Tidak hanya dalam bentuk presentasi, Hasyim juga memberikan demo bagaimana sistim yang dibangunnya untuk PPLN Belanda ini bekerja, lengkap dengan hardwarenya seperti sebuah scanner tangan dan laptop. Contoh bagaimana misalnya ada orang yang mencoba datang untuk kedua kalinya, ternyata dapat mudah terdeteksi dengan sistim ini.

Dipaparkan juga bahwa pelaksanaan sebuah pemilu itu pada dasarnya terdiri dari 3 proses: registrasi pemilih, proses pecoblosan dan proses perhitungan suara. "UU kita tidak mengakui perhitungan suara secara elektronik, berarti pencoblosan harus juga dilakukan secara manual," papar Hasyim. Karena itu yang dapat diotomatisasi dengan menggunakan teknologi elektronik ini baru proses registrasi saja, papar doktor lulusan TU Delft, Belanda, ini.
Diskusi kemudian berkembang ke arah prospek pemanfaatan sistim ini dalam pilkada (Pemilihan Kepala Daerah) yang akan mulai bergulir dengan segera. Karena itu, pembangunan sistim seperti ini sebenarnya investasi yang menguntungkan buat negara karena akan dipakai secara berulang dan terus menerus. Tantangannya adalah bagaimana membuat sistim ini murah karena ukuran sebuah laptop di Indonesia masih terasa mahal.

Pembicaraan yang berlangsung dalam suasana hangat dan penuh keakraban itu kemudian merekomendasikan untuk terus melakukan kajian penggunaan teknologi e-voting dalam dua fase selanjutnya, yaitu fase pencoblosan dan fase perhitungan suara.
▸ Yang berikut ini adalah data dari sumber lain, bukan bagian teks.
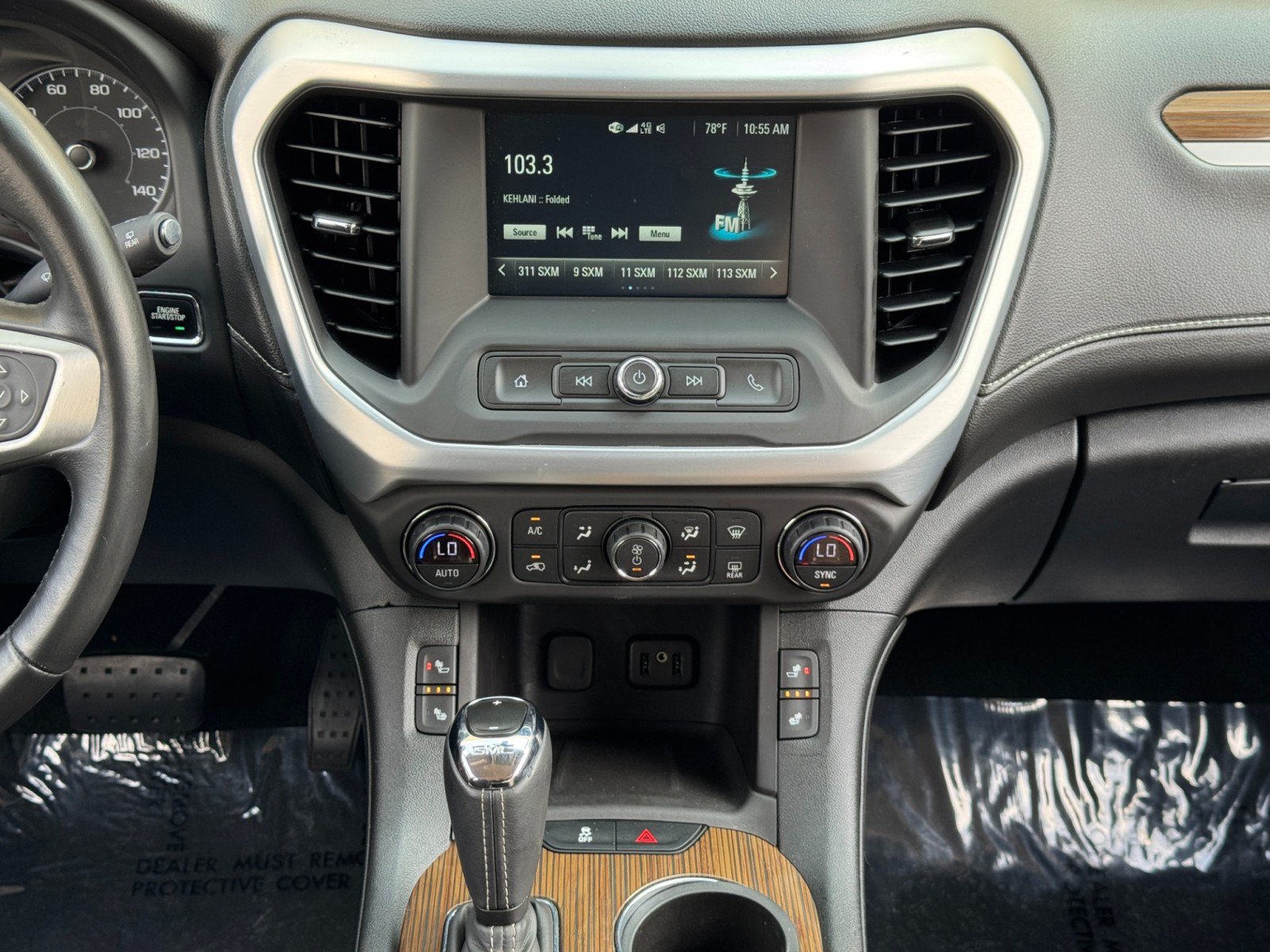 Used 2018 GMC Acadia SLE w/ Driver Alert Package I AWD/4WD image 21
Meskipun UU belum memungkinkan, kita harus melangkah mendahului dengan menyiapkan kajian tentang hal itu, kata seorang peserta diskusi. Peserta yang lain mengusulkan untuk mempresentasikan sistim ini ke hadapan anggota legislatif baik pusat maupun daerah, sehingga diharapkan dapat digunakan dalam pemilihan-pemilihan yang akan berlangsung. Ade K. Mulyana, director of research division ISTECS yang mengadakan acara ini, menyebutkan bahwa sistem ini sangat baik jika bisa diterapkan di Indonesia.(beritaiptek.com)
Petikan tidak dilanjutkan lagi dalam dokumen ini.